Hücrelerin eşit dağılımı için, kabı inkübatör rafında ileri ve geri yavaşça ama sıkıca hareket ettirin. Ardından, inkübatör kapağını kapatmadan önce duraklatın ve aynı işlemi soldan sağa gerçekleştirin. 24 saat sonra, besleyici hücre ortamını% 10 serum replasmanı içeren IMDM ile değiştirin.
Mitotik olarak tutuklanmış besleyici hücreler içeren kültür kabından, kolonilerin transferinden 30 dakika önce% 10 serum replasman ortamı içeren IMDM'yi, bazik fiberblast büyüme faktörü veya BFGF içeren 1.2 mililitre önceden ısıtılmış HESC ortamı ile değiştirin. Daha sonra, ortamı HSC'ler veya HI PSC'ler içeren bir kültür kabından çıkarın ve bağlanmamış hücreleri ve hücre kalıntılarını gidermek için kolonileri bir mililitre DPBS ile yıkayın. Bir mililitre 0.5 milimolar EDTA ekleyin ve 37 santigrat derecede bir dakika inkübe edin.
Daha sonra bir mililitrelik pipet kullanarak, EDTA çözeltisini BFGF içeren bir mililitre HESC ortamıyla değiştirin. Kolonileri besleyici hücre katmanından serbest bırakmak için, katman gevşeyene ve ayrı bir küme halinde kendi üzerine katlanana kadar aynı pipetle hafifçe ezin. Besleyici hücre katmanını bir pipet ucuyla kültür kuyusunun kenarına itin.
Yeni bir mililitrelik pipet kullanarak, asılı kolonileri, besleyici hücreler ve BFGF içeren HESC ortamı içeren yeni bir kültür kabına aktarın ve bir ila beş oranında bölün. Çanağı bir inkübatöre aktarın ve kolonilerin eşit dağılımını kolaylaştırmak için yavaşça bir yandan diğer yana hareket ettirin. EDTA kullanılarak hasat edilen HESC kolonileri, mekanik olarak hasat edilenlere göre boyut ve şekil olarak daha homojendi.

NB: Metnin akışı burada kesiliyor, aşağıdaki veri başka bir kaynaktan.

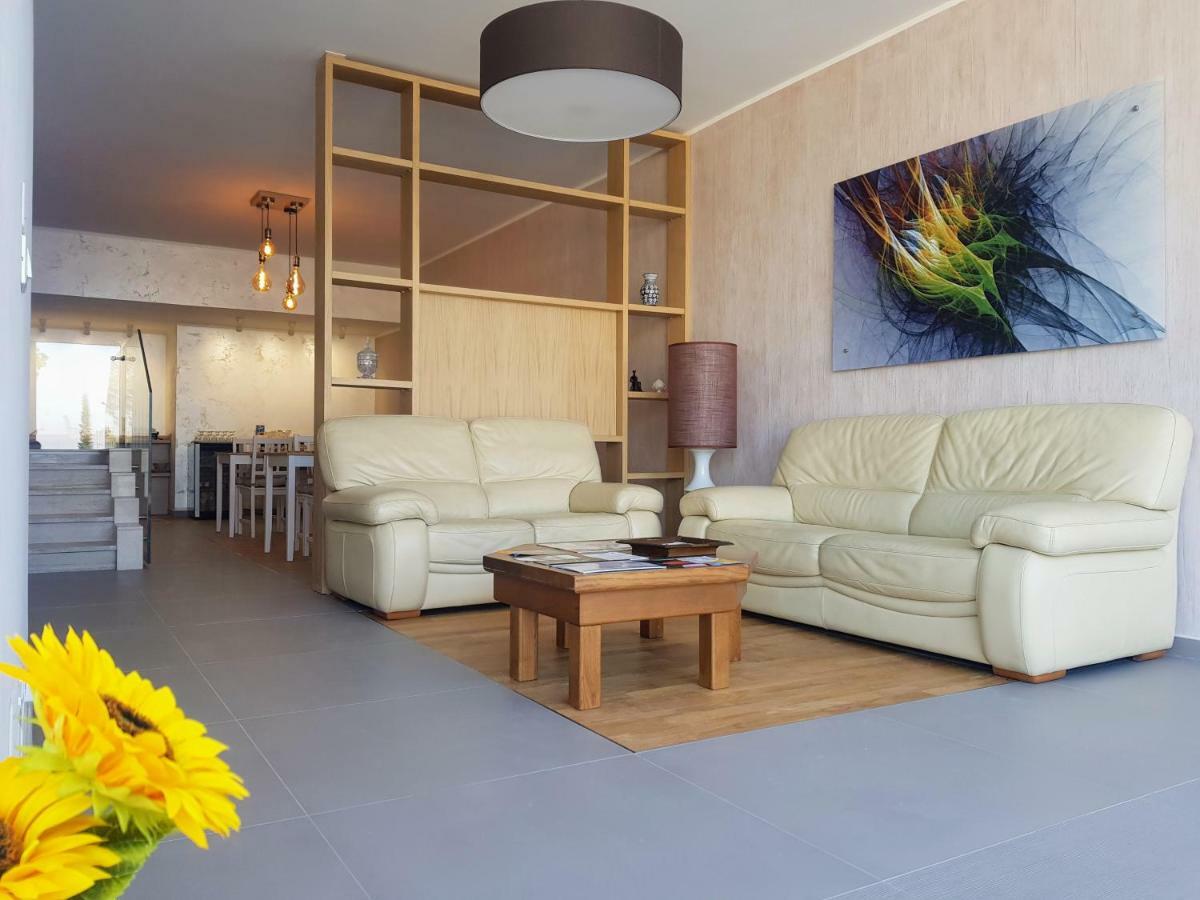 Felicia Bed & Breakfast Lecce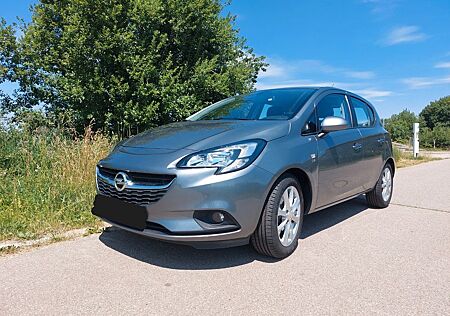 Opel Corsa 1.4 120 Jahre 90 PS +++ Sehr guter Zustand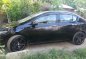 Honda City Black For Sale -2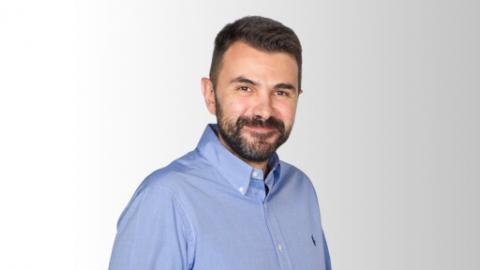 Γιάννης Κολοκυθάς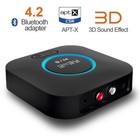Audio Bluetooth Receiver  Hifi Wireless Audio Adapter bluetooth 4 2 Receiver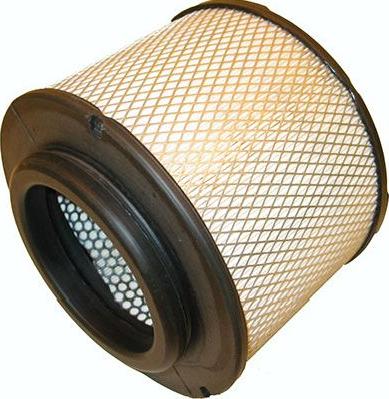 AMC Filter TA-1692 - Воздушный фильтр avtokuzovplus.com.ua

Hasat edilen ve yeniden kaplanan kolonilerdeki hücre yoğunluğu, EDTA bazlı hasat ve mekanik hasat için benzerdi. Mekanik olarak hasat edilen koloniler, orta bölgelerinde nekroz geliştirme eğilimi daha yüksekken, EDTA kullanılarak hasat edilen koloniler, farklı kenarlara sahip yarı saydam bir görünüm sergiledi. QPCR analizi, mekanik veya EDTA bazlı hasat kullanılarak 20 geçişten sonra elde edilen koloniler için mRNA'da stabil bir saplılık belirteci ekspresyonu gösterdi.
Mekanik veya EDTA bazlı hasat kullanılarak 20 geçişten sonra elde edilen koloniler için protein seviyelerinde immünokimyasal boyama ile benzer gözlemler yapılmıştır. Her iki yöntem kullanılarak 20 geçişten sonra elde edilen HSC'lerden üretilen embriyoid cisimler, ektoderm, mezoderm ve endoderm için yaygın olarak değerlendirilen belirteçleri eksprese eden bir hücre karışımı içeriyordu. Ayrıca, yaygın genomik anormalliklerin QPCR tabanlı genetik analizi, referans bir diploid kromozomal modelden mütevazı bir sapma sergiledi.
EDTA'ya maruz kalmayı bir dakika ile sınırlamak önemlidir. Daha uzun süre maruz kalmak çok fazla ayrışmaya neden olabilir. Besleyici hücre katmanını bir kenara çekmek de önemlidir, böylece insan embriyonik kök hücrelerini veya insan kaynaklı pluripotent kök hücreleri yeni bir kültür kabına aktarırken engel olmaz.
EDTA'nın patojen için yaygın olarak kullanıldığı kültüre ve yemsiz koşullara geçiş basittir ve hücrelerin nasıl tedavi edildiğine dair hiçbir değişiklik yoktur.